Start of Entries supplied

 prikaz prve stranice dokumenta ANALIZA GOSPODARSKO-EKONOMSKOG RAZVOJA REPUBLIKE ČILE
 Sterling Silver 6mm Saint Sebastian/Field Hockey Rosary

End of Entries supplied
Start of Entries supplied

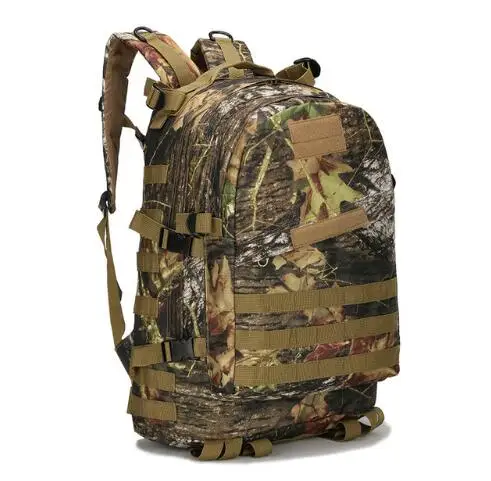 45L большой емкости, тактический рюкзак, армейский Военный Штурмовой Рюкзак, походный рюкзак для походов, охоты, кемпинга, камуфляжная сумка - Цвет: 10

End of Entries supplied
Start of Entries supplied

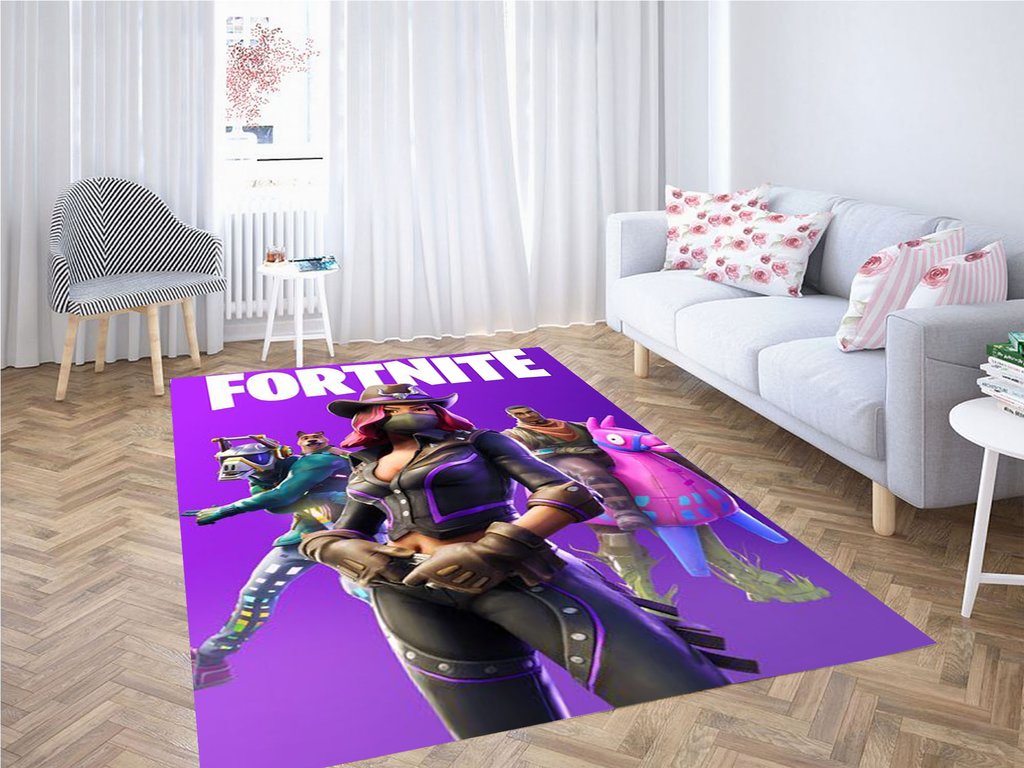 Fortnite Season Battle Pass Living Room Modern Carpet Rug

End of Entries supplied

### What the task asks
Copy the entries above exactly, but only from the line holding "prikaz prve stranice" through the line holding "Sterling Silver 6mm", both included.

### Response to the exercise
 prikaz prve stranice dokumenta ANALIZA GOSPODARSKO-EKONOMSKOG RAZVOJA REPUBLIKE ČILE
 Sterling Silver 6mm Saint Sebastian/Field Hockey Rosary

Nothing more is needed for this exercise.